La mujer del rostro pálido permaneció algún tiempo callada, sin contestar a mi invectiva. Al fin, lentamente, puso mano de hielo en mi hombro y dijo con acento que penetraba hasta las últimas capas del cerebro:

-Es cierto que separo a los que se aman, que desanudo los brazos, que aíslo las bocas, que pongo entre los cuerpos la valla de bronce del sepulcro, que traigo al espíritu la indiferencia, a la memoria el sopor, que me río irónicamente de los juramentos en que se invocó la eternidad, y que el llanto no me apiada, ni el dolor me importa… Pero ¡en cambio!…

-En cambio…, ¿qué?

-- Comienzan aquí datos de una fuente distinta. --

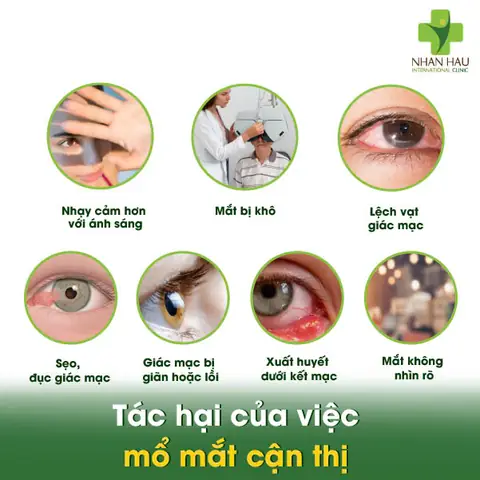 Mổ Mắt Cận Thị Có Ảnh Hưởng Gì Không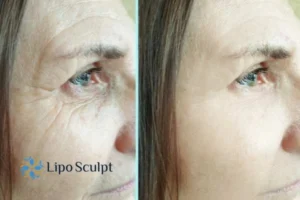 How to Fight Aging Symptoms 2 Do you want to Fight Aging Symptoms Llanelli? Contact Lipo Sculpt today!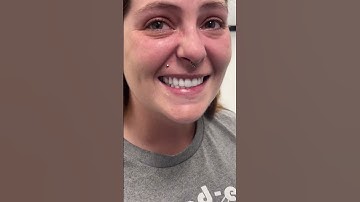 Ashley | Affordable Dentures & Implants Moments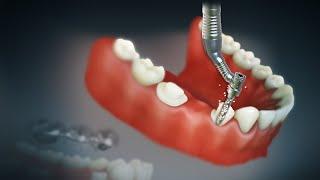 Dental Bridge and Crown | Fixed Bridge | Fixed Dental Replacement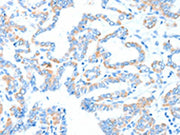 The image on the left is immunohistochemistry of paraffin-embedded Human thyroid cancer tissue using CSB-PA016752(GPT Antibody) at dilution 1/55, on the right is treated with synthetic peptide. (Original magnification: ×200)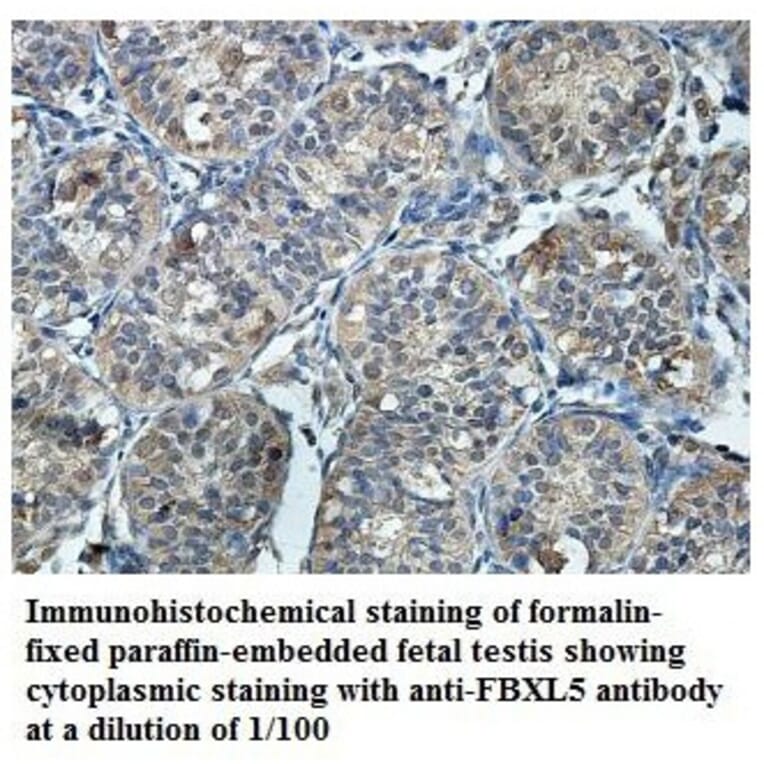 FBXL5 Antibody from Signalway Antibody (39859) - Antibodies.com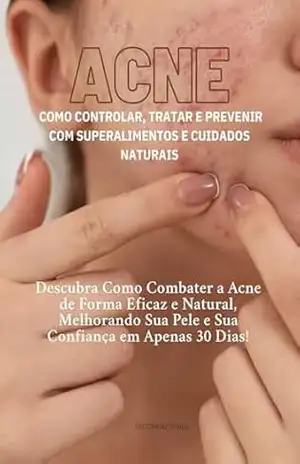 ACNE: Como Controlar, Tratar e Prevenir Com Superalimentos e Cuidados Naturais: Descubra Como Combater a Acne de Forma Eficaz e Natural, Melhorando Sua … Dias! (Superalimentos para a Saúde Livro 1) – GUILHERMINA BRITES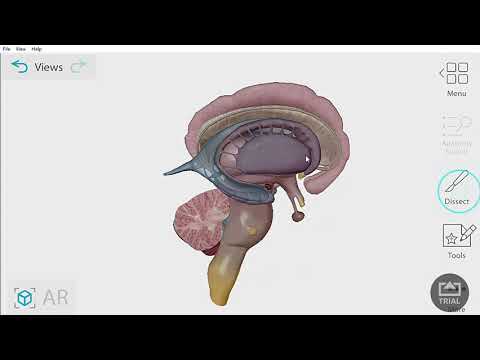 Corpus Callosum dan Ganglia Basalis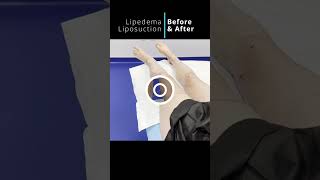 Amazing Lipedema Leg Lipo shorts artlipo liposuction weightloss beforeandafter [upl. by Kcyrred846]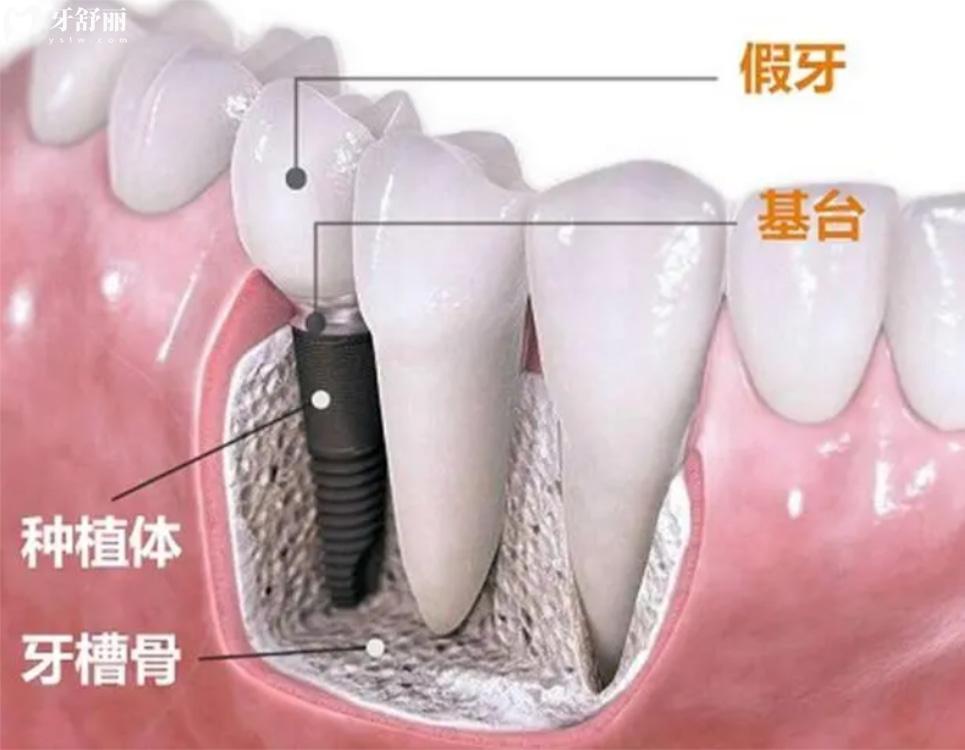 孝感种植牙多少钱一颗.jpg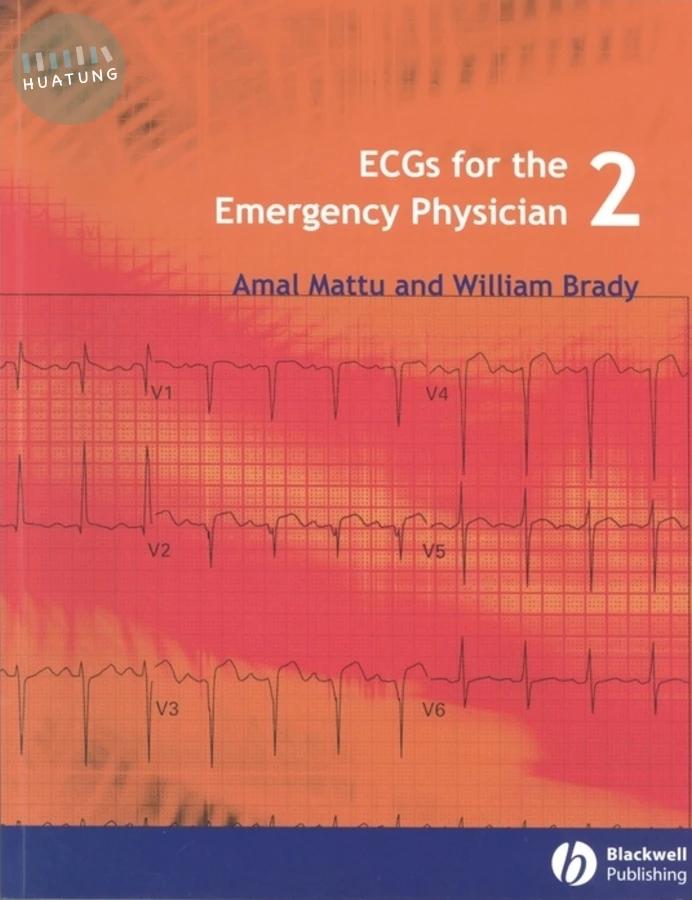 ECGs for the Emergency Physician 2 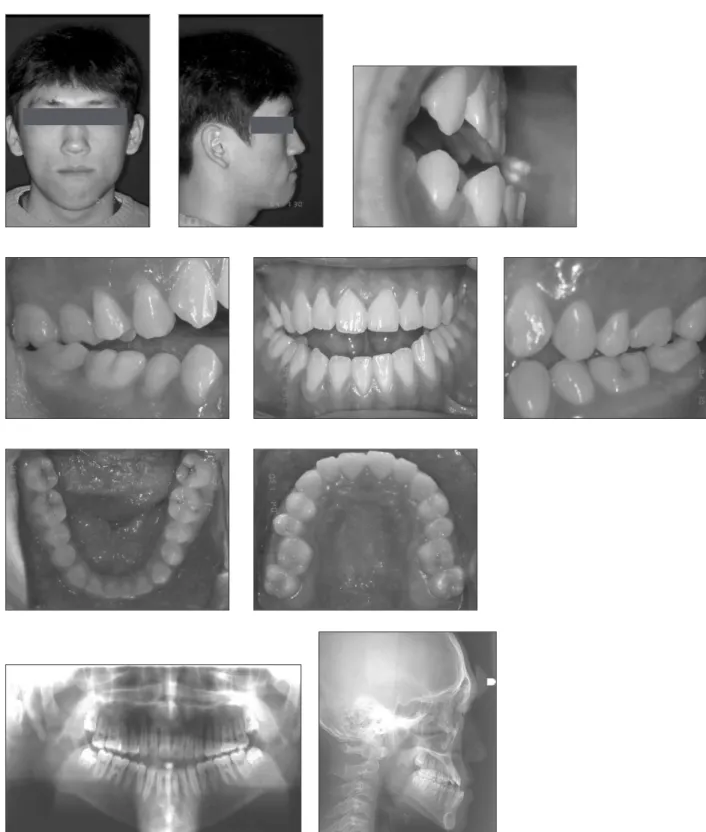 Fig. 6. A 17 years 2 months patient present with mandibular prognathism and vertical excess
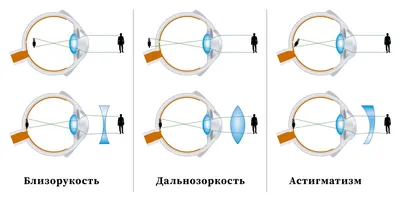 Астигматизм лечение в Москве - Методы лечения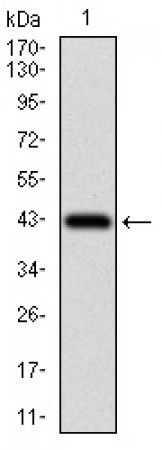ZEB1 Primary Antibody MP30547 [M2A8A6]
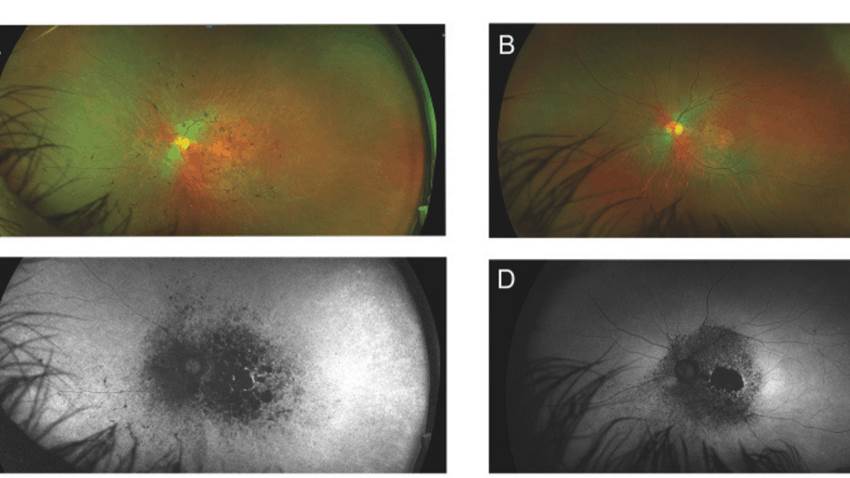 Raro caso de hermanos con síndrome genético con distintas manifestaciones clínicas se presenta en la isla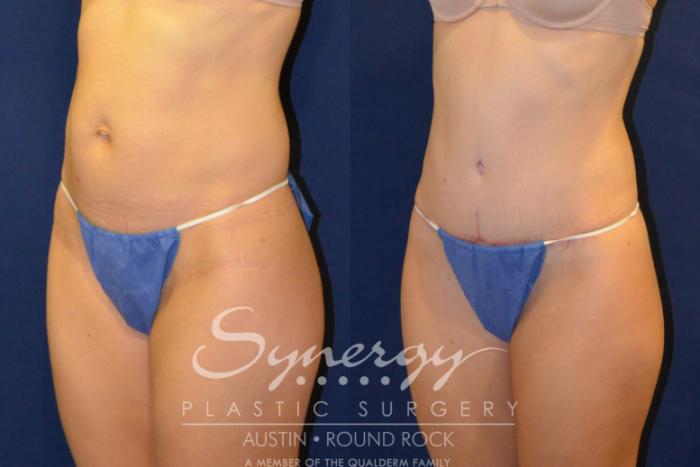 Before & After Abdominoplasty (Tummy Tuck) Case 217 View #4 View in Austin, TX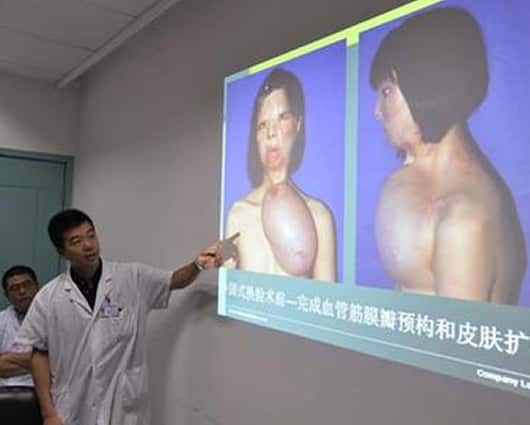 Xu Jianmei. Foto: internet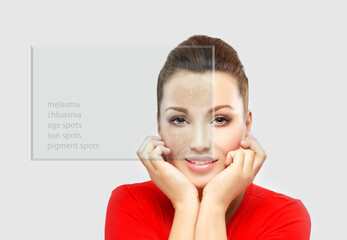 Dark spots, freckles,hyperpigmentation(melasma or chloasma),concept - skin lightening, skin...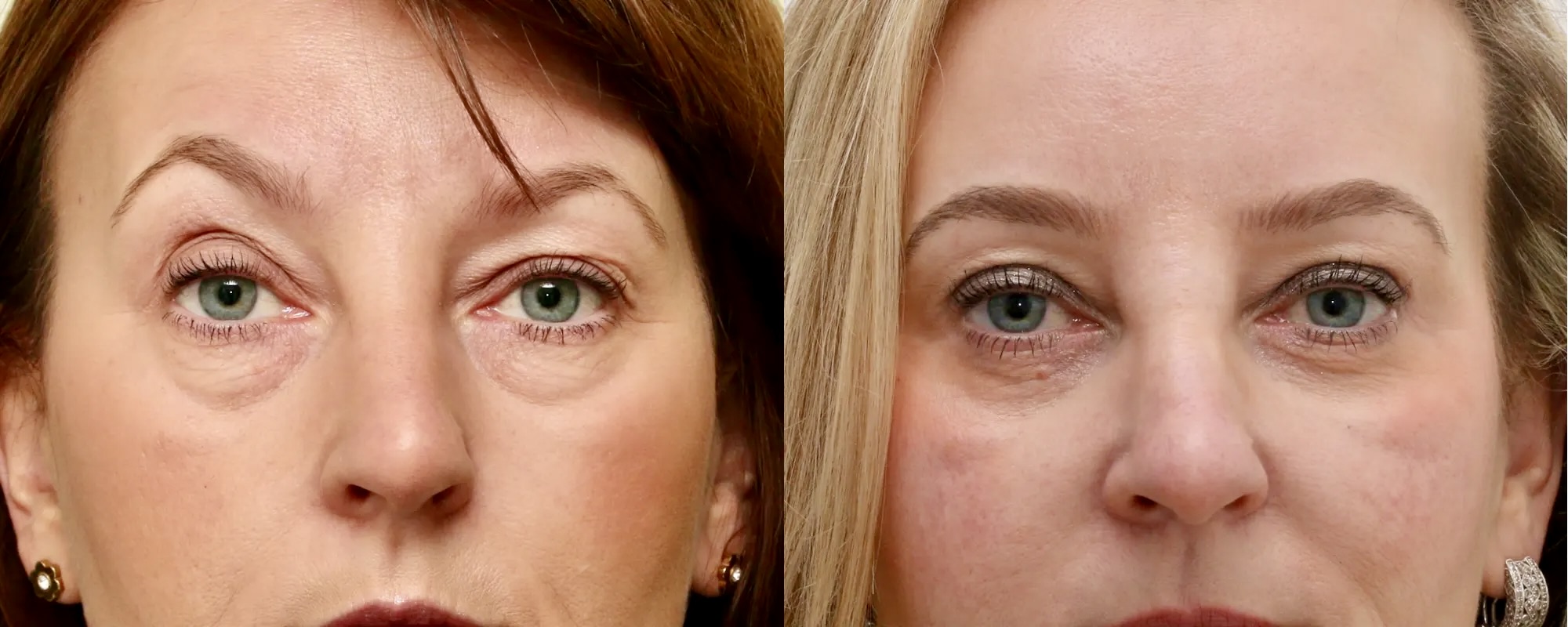 Lower and upper eyelid surgery with fat transfer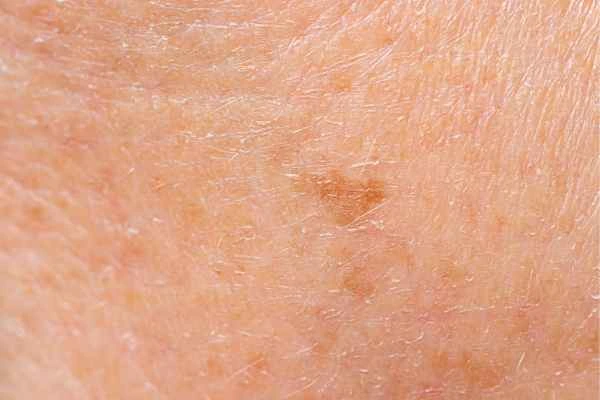 close up picture of age spots Burgess Hill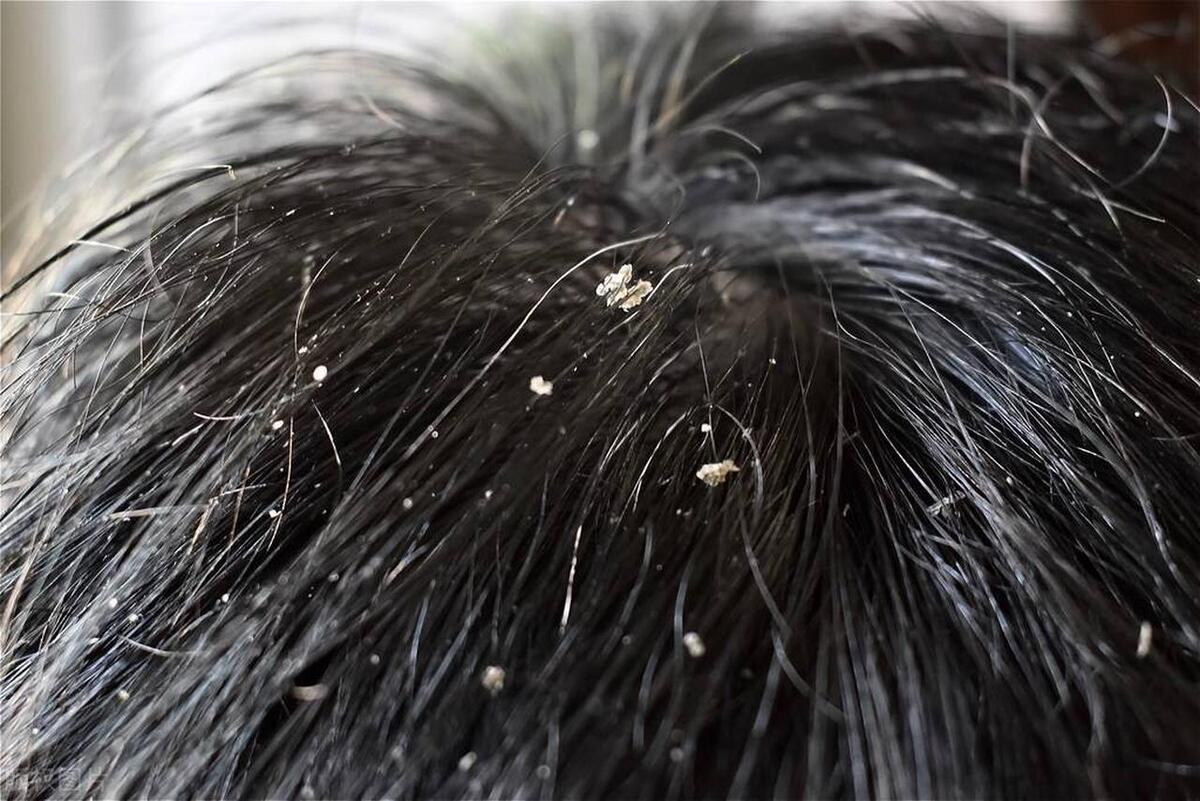 头发里有大片的头皮屑，这是怎么回事？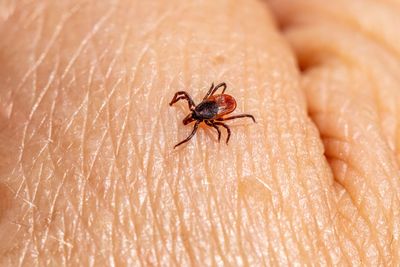 A Rare Lyme Bacterium Turned Up in Herkimer County Ticks and a Resident Who Never Left New York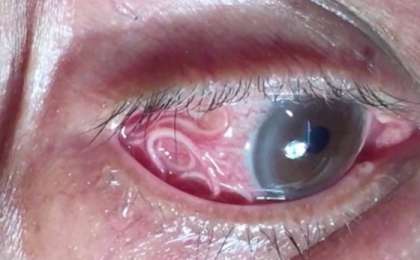 Ер адамның көзінен 15 сантиметрлік құрт шықты (ВИДЕО)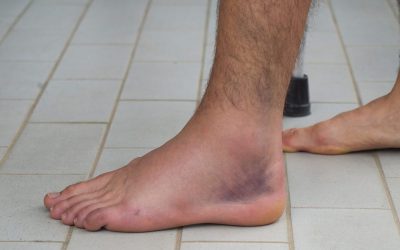 Recuperação eficiente de entorses de tornozelo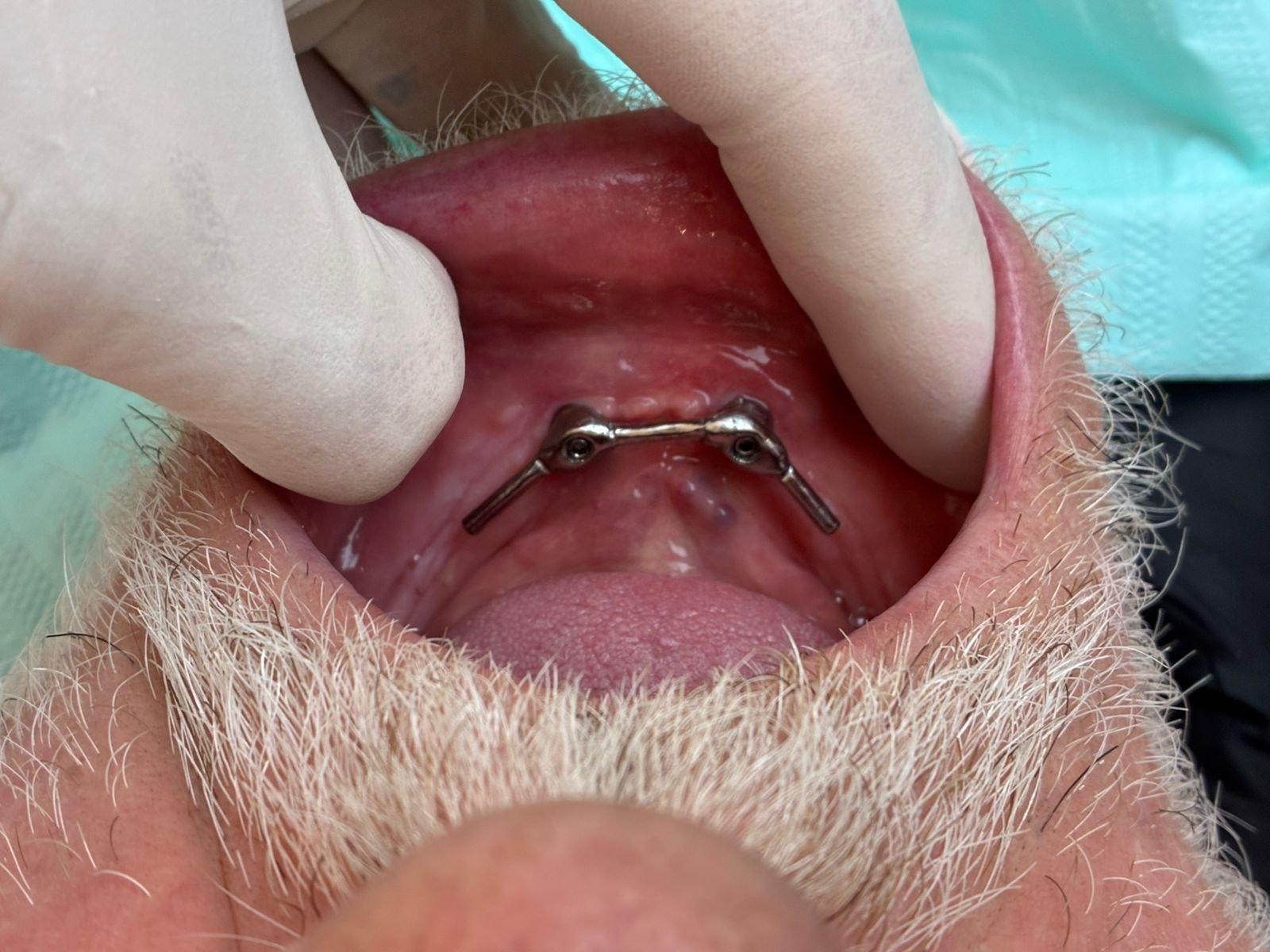 Imagem ilustrativa de Prótese Overdenture 4
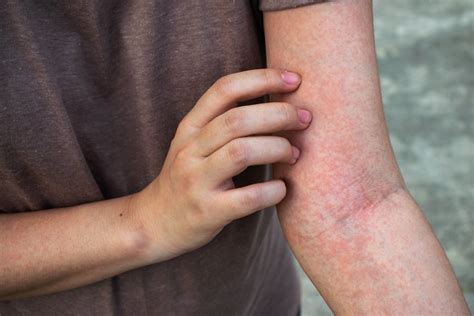 Skin Rashes That Itch On Arms Sexiz Pix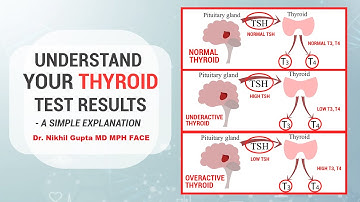 Hypothyroidism or Hyperthyroidism? Thyroid Function Test Results explained - Dr. Nikhil Gupta MD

No hay beneficio que tanto daño pueda compensar.

-Sí lo hay. En cambio…, ¡óyeme bien!… Soy la vengadora segura, infalible, que nunca falta. Tarde o temprano cumplo los sacrílegos deseos y entrego al enemigo la cabeza del enemigo.

Y pasó por la faz de mármol de la muerte una vaga sonrisa de complicidad con la pasión, pasión que en aquel momento sentí con rubor que me subyugaba. Reconciliado enteramente con el espectro, le tendí los brazos en un transporte de rencor satisfactorio y de feroz alegría… Y no tuve tiempo de avergonzarme y arrepentirme de este anticristiano impulso, porque la Muerte había desaparecido y sólo quedaba a mi alrededor el silencio, el olor de las madreselvas, la luna convirtiendo en lago sin límites las lejanías y los términos del valle, y la majestad tranquila de la inmortal Naturaleza.